Overview
Introduction to Nios platform
What is Nios?
Nios is an agentic AI platform for value chain raw material intelligence, built for procurement and sustainability teams.
Nios helps enterprises move beyond tier-1 upstream value chain visibility to uncover hidden raw material dependencies, trace likely sourcing geographies, and quantify environmental impacts such as biodiversity, carbon, water, land, and pollution, all the way across multi-stage value chains.
Today, organizations spend months on manual analyses, consultants, or static tools that fail to keep up with fast-changing market environment. Nios transforms this process by combining customer data, leading environmental databases, and AI agents to deliver continuous, decision-ready intelligence in minutes, not months.
What is an agentic AI system?
An agentic AI system is a network of specialized AI agents that collaborate to complete complex tasks. Each agent is powered by a large language model (LLM) such as Claude Sonnet 4, wrapped with role-specific instructions ("prompts") and often given access to external tools like databases, web search, or code execution.

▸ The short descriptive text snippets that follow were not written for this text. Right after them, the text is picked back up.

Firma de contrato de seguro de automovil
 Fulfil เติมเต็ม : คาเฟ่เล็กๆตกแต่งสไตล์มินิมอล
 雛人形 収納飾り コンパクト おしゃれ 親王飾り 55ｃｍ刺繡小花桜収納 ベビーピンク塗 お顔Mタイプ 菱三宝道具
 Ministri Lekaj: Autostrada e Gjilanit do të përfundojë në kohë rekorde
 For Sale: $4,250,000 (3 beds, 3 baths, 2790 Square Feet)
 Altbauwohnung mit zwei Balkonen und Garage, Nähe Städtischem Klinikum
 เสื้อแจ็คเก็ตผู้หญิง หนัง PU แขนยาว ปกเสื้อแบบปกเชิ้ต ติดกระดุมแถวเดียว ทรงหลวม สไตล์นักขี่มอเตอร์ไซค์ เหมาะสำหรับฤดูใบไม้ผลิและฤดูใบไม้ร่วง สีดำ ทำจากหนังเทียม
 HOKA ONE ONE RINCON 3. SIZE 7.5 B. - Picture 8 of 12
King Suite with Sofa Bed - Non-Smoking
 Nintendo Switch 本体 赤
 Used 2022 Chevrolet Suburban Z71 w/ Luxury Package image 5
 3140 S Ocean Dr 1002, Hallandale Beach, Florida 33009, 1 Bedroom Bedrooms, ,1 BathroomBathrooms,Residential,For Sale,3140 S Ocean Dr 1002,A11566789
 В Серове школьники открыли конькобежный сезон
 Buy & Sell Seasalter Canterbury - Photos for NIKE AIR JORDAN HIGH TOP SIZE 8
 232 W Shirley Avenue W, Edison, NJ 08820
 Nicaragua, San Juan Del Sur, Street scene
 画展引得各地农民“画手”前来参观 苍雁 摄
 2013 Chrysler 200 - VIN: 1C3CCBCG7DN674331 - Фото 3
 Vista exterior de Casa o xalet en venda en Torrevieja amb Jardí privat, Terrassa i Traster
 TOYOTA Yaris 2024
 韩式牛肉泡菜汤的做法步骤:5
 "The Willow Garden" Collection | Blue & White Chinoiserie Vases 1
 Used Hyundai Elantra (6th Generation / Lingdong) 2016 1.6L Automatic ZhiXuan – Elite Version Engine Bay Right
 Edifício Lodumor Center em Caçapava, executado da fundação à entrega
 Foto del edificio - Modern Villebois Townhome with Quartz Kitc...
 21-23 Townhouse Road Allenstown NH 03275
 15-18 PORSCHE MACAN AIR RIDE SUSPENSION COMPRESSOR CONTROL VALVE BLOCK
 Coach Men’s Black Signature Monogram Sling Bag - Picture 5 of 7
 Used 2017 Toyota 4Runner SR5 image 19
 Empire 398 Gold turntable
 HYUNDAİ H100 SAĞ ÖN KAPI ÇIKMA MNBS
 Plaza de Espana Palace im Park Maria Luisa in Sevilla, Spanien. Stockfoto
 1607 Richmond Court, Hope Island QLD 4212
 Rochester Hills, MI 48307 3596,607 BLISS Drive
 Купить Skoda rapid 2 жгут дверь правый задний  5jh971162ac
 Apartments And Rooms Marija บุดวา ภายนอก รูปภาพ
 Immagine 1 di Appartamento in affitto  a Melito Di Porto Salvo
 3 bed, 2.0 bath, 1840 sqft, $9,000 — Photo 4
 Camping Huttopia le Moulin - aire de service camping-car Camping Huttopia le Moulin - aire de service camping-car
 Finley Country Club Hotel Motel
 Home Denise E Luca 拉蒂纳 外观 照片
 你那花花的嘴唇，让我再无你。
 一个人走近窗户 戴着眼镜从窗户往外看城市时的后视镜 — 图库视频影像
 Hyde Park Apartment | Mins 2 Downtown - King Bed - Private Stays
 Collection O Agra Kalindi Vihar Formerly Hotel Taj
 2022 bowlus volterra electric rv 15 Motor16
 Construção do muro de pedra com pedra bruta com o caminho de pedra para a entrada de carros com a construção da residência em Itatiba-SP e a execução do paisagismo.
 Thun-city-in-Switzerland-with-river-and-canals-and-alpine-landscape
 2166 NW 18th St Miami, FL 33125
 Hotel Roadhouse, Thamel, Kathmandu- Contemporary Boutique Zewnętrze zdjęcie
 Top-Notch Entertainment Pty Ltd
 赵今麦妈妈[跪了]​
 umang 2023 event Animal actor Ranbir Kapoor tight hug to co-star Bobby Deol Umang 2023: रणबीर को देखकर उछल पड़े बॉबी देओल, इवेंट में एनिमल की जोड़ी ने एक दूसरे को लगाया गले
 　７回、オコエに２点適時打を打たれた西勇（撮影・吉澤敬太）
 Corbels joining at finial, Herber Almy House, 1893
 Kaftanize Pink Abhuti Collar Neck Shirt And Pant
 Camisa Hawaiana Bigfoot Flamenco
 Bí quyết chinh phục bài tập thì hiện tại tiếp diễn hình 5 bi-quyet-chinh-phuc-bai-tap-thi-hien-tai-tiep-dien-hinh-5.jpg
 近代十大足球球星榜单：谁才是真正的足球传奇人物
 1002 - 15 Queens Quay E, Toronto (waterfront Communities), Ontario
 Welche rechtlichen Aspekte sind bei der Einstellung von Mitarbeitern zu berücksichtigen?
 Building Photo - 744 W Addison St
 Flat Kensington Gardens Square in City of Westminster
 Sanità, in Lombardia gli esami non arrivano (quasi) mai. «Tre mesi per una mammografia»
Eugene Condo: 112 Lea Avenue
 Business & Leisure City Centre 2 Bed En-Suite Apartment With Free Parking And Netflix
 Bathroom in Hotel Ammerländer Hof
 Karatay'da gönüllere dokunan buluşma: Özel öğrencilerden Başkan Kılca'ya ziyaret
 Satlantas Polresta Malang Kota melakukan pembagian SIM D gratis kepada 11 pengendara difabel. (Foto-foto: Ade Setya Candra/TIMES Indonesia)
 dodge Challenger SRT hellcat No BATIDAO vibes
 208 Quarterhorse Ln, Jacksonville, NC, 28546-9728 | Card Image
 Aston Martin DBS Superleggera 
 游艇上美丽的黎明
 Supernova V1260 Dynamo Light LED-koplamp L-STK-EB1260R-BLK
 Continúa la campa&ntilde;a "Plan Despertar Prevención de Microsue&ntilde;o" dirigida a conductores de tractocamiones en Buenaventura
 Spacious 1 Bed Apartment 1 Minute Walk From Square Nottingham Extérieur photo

A central orchestrator decides which agent to activate and which model to call (e.g., Claude for reasoning, code-focused LLMs for structured outputs). Agents pass results between each other, so the workflow builds step by step.
Think of it like a project team of experts: one member researches, another analyzes numbers, another writes up the findings, and the orchestrator coordinates who does what.
👉 Why it matters: Unlike a single chatbot, agentic AI can break down complex workflows into coordinated steps, producing results that are more structured, scalable, and closer to real expert work.
In short, instead of one model trying to do everything, an agentic AI system works like a team of LLM-powered specialists, coordinated to deliver structured results.
⚠️ Disclaimer: Outputs are probabilistic and should be interpreted as directional approximations, not exact facts. We are continuously working to increase transparency about how the agents operate, what assumptions and data they use, and the limitations of their results. Think of them as capable assistants: understanding what they can and cannot do helps you get the most out of them.
👉 Privacy note: Customer data processed by Nios agents is never used to train external models. Inputs are only used to perform the requested calculations and deliver results within the Nios system.